How can I capture multiple matches for a sub-expression from a single string with Perl?

536 views Asked by At

I currently have the following regular expression:

^\s*(.+)(?:[-\._ ]+)(\d+)\s*[xX]\s*(\d+)

This will match show_3x01_ep. name and retrieve show, 3 , 01. I would like to extend this so that multiple episodes can be captured. For example:

 show _3x01_3x02 ep. name

should return:

show, 3, 01, 3, 02

Could someone please explain to me how this might be done?

3

There are 3 answers

1
Borodin On BEST ANSWER

You are expecting too much from your regular expression. The simplest way is to do this in two steps.

Note first of all though that the (.+) which matches show in your example is too general. If you apply the pattern to show _3x01_3x02 ep. name then you will get show -- with a trailing space -- because the following [-._ ]+ (there is no need to escape the dot or enclose the character class in (?: ... ) ) is satisfied with just one character.

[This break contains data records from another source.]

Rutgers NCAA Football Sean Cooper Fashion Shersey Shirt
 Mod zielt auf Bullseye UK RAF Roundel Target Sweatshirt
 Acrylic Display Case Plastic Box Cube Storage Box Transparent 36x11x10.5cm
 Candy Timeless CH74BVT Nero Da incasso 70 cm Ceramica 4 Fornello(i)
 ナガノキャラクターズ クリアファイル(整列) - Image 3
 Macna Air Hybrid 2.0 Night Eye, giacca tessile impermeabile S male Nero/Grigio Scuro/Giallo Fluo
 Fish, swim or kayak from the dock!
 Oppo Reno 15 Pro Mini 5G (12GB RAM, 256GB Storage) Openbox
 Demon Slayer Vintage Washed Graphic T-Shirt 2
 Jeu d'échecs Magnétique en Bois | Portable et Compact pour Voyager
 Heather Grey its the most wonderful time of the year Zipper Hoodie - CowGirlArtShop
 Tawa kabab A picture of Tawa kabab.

This will do as you ask. It finds the first string of alphabetic characters, and then all pairs of digit strings that are spearated by a single x.

use strict;
use warnings;

my $s = 'show _3x01_3x02 ep. name';

if ( my ($prefix) = $s =~ /([a-z]+)/i ) {
  print "$prefix\n";
  print "$1 $2\n" while $s =~ /(\d+)x(\d+)/g;
}

output

show
3 01
3 02
0
Todd A. Jacobs On

Use String#scan in Ruby Instead

Your filenames aren't consistent, so you're probably better off scanning for known patterns and then cleaning up. I've already provided a Perl solution, but offer this Ruby solution as an alternative. For example:

str = 'show _3x01_3x02 ep. name'
str.scan(/\A(.*?)(?=\d)|(\d+)x(\d+)/).
    flatten.compact.map { |e| e.gsub(?_, ' ').strip }
#=> ["show", "3", "01", "3", "02"]

There's a lot going on in this one line of code, but it should be easy enough to follow. The code will:

  1. Match everything from the beginning of the string up to the first digit as the show name.
  2. Match all season/episode pairs that it can find.
  3. Return all matches as an array.
  4. Flatten nested arrays created by capture groups, and discard nils.
  5. Replace underscores with spaces in each member of the array.
  6. Strips any surrounding whitespace from each member of the array.
  7. Return the array.

The regular expression itself is Perl-compatible, but the rest of the logic relies on Ruby's String#scan and other internals that may not map directly to Perl. YMMV.

0
Todd A. Jacobs On

Use Perl's g Modifier

You can use Perl's g regex modifier to scan for a pattern more than once in a string. You can then save those matches to a list, and then do something with that list or its individual elements. For example:

$ echo 'show _3x01_3x02 ep.name' |
      perl -ne '@words = ($_ =~ /\A(.*?)(?=\d)|(\d+)x(\d+)/g);
                @words = grep { $_ ne "" } @words;
                while (my $idx = each @words) {
                    @words[$idx] =~ s/^\s+|\s+\b|_//g;
                };
                print join(", ", @words), "\n"'
show, 3, 01, 3, 02